Niklasson, M.; Dalmo, E.; Segerman, A.; Rendo, V.; Westermark, B.

Bone morphogenetic protein 4 (BMP4) has emerged as a potential glioblastoma therapy due to its anti-proliferative effect via SOX2 downregulation and differentiation promotion. However, BMP4 responses vary across and within tumors. Our previous data indicate that BMP4 induces transition to a mesenchymal-like cell state. Mesenchymal transition is associated with therapy-resistance and tumor recurrence, as is senescence in cancer. In this study, we investigated BMP4\'s potential to induce senescence in primary glioblastoma cells, including proneural- and mesenchymal-like clones derived from the same tumor. BMP4 treatment induced senescence-associated genes and phenotypic changes such as cell enlargement, senescence-associated-beta-gal expression, lamin B1 downregulation, and elevated p21 levels.
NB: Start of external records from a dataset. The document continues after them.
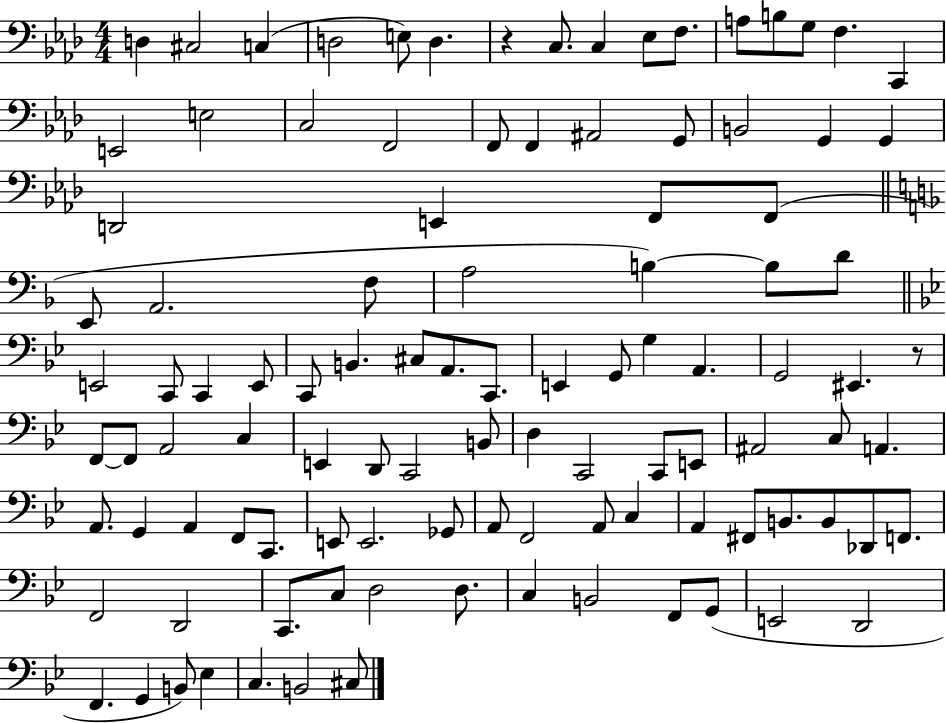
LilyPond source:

{
  \clef bass
  \numericTimeSignature
  \time 4/4
  \key aes \major
  d4 cis2 c4( | d2 e8) d4. | r4 c8. c4 ees8 f8. | a8 b8 g8 f4. c,4 | \break e,2 e2 | c2 f,2 | f,8 f,4 ais,2 g,8 | b,2 g,4 g,4 | \break d,2 e,4 f,8 f,8( | \bar "||" \break \key f \major e,8 a,2. f8 | a2 b4~~) b8 d'8 | \bar "||" \break \key bes \major e,2 c,8 c,4 e,8 | c,8 b,4. cis8 a,8. c,8. | e,4 g,8 g4 a,4. | g,2 eis,4. r8 | \break f,8~~ f,8 a,2 c4 | e,4 d,8 c,2 b,8 | d4 c,2 c,8 e,8 | ais,2 c8 a,4. | \break a,8. g,4 a,4 f,8 c,8. | e,8 e,2. ges,8 | a,8 f,2 a,8 c4 | a,4 fis,8 b,8. b,8 des,8 f,8. | \break f,2 d,2 | c,8. c8 d2 d8. | c4 b,2 f,8 g,8( | e,2 d,2 | \break f,4. g,4 b,8) ees4 | c4. b,2 cis8 | \bar "|."
}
The most robust senescence induction was observed in the mesenchymal-like clone, compared to its proneural counterpart. Notably, mesenchymal-like cells displayed high basal levels of p21 and other senescence-associated markers, suggesting a convergence of mesenchymal and senescent traits. p21 knockout abolished BMP4-induced senescence, maintaining proliferation and cell size despite SOX2 downregulation. Additionally, senolytic treatment effectively eliminated senescent cells through apoptosis, thereby favoring survival of cells retaining normal p21 levels. Our findings demonstrate BMP4\'s ability to induce p21-dependent senescence in glioblastoma, particularly in therapy-resistant mesenchymal-like cells. These insights provide potential therapeutic strategies targeting senescence pathways in this challenging disease.